SAN FRANCISCO — It’s official. The Trump administration has selected a Southern California-based private attorney and former prosecutor to lead the Department of Justice’s Bay Area wing.
Craig Harry Missakian, who has been a lawyer for nearly 40 years, is taking command of the U.S. District Court for the Northern District of California, a position with great influence over prosecuting federal cases from the Bay Area to the Oregon border.
He was a Los Angeles County prosecutor in the 1990s, ran as a Republican for a state Assembly seat there in 2000, became a federal prosecutor in the 2000s and currently works in private practice in Pasadena. Missakian issued a statement saying he was “honored” to be Trump’s pick.
“I look forward to working with the talented men and women of the U.S. Attorney’s Office and our federal, state, and local law enforcement partners as well as community leaders to protect public safety and uphold the rule of law,” Missakian said.
As a federal prosecutor, he spent time on the Los Angeles-based Central California District’s integrity and environmental crimes unit, bringing to trial spies, leakers and fraudsters. As a defense attorney, he has taken on occasional high-profile clients, like a water district manager accused of taking bribes. From 2014 to 2016, Missakian served as a deputy chief counsel for the U.S. House of Representatives, including time on the Benghazi Committee that investigated Hillary Clinton.
As both a prosecutor and defense lawyer, Missakian has twice found himself arguing prominent cases that tested the limits of free speech.
In 2018, he successfully petitioned a judge to order the Los Angeles Times to alter a story after one of the newspaper’s sourcing documents — a sealed court record — was accidentally posted to an online docket. Missakian issued a statement after another court walked back its order, which the newspaper argued was unconstitutional. Missakian’s client, a Glendale police officer, had been charged with hiding his ties to the Mexican Mafia and Armenian organized crime.
In 2010, a divided Ninth Circuit overturned a conviction Missakian had secured under the Stolen Valor Act against a water board official who lied about receiving a Medal of Honor when he’d never even served in the U.S. military. Missakian argued that Congress has the authority to protect the integrity of military medals and that deliberate falsehoods were more severe than white lies.
In the 2000s, he prosecuted a Chinese spy who leaked submarine secrets, helped secure an indictment against an ICE file clerk who lied to receive government housing assistance and built the case against comedian and Oakland native Paul Mooney’s grandson, Adonis Gladney, who raked in millions selling counterfeit software, including to the United States Marine Corps, according to court records and published reports.
In 2009, Missakian forced a blogger to apologize to Guns N’ Roses for leaking the rock band’s album online. Missakian requested prison time, arguing the case needed to send a message about piracy, but a judge sentenced the defendant to home detention, probation and an apology.

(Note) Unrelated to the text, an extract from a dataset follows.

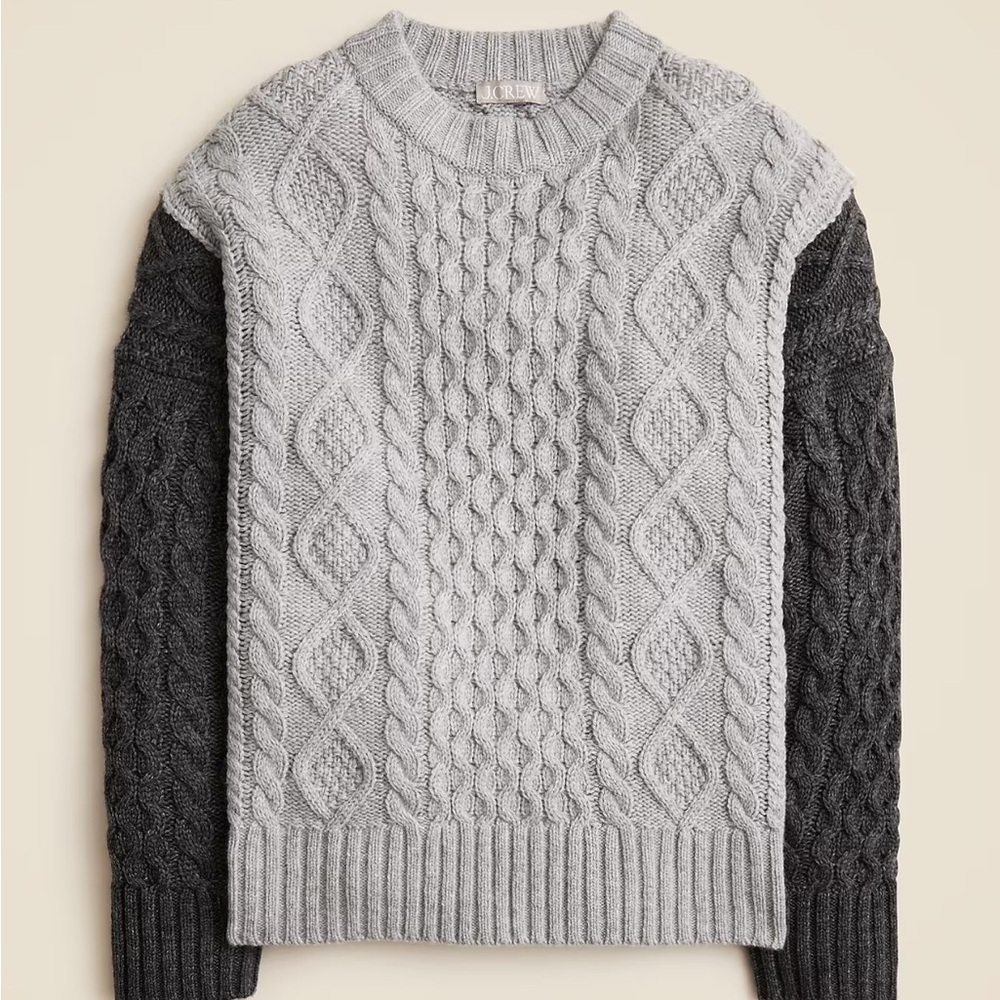 J.Crew Oversized cable-knit crewneck sweater with contrast sleeves Lambswool m-l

Last year, as a defense attorney, Missakian defended a fellow lawyer, Fred Minassian, who pleaded guilty to making false statements to the government to thwart an investigation into a fraudulent opioid prescription scheme. Missakian argued for leniency, describing Minassian as an immigrant who “struggled as a boy to make his way” and “devoted himself to helping other immigrants navigate what is often a confusing, opaque, and frightening criminal justice system.”
Missakian is a longtime member of the Armenian Bar Association, which issued a statement praising him as “a respected litigator and proud Armenian American” who “exemplifies integrity, excellence, and public service.”
Missakian will take office May 27, and said he expects to issue a statement detailing his priorities as a prosecutor. For the past eight years, federal prosecutors in the Bay Area have taken on hundreds of drug cases, primarily focused on San Francisco’s fentanyl markets in the Tenderloin neighborhood.
Recently, the office has prosecuted several Antioch and Pittsburg police officers charged in a sprawling misconduct case. A conspiracy and bribery case against former Oakland Mayor Sheng Thao, her longtime romantic partner and the father-and-son duo — David and Andy Duong — who operated Oakland’s contracted recycling company is ongoing, with recent reports suggesting David Duong may be seeking a pardon from Trump.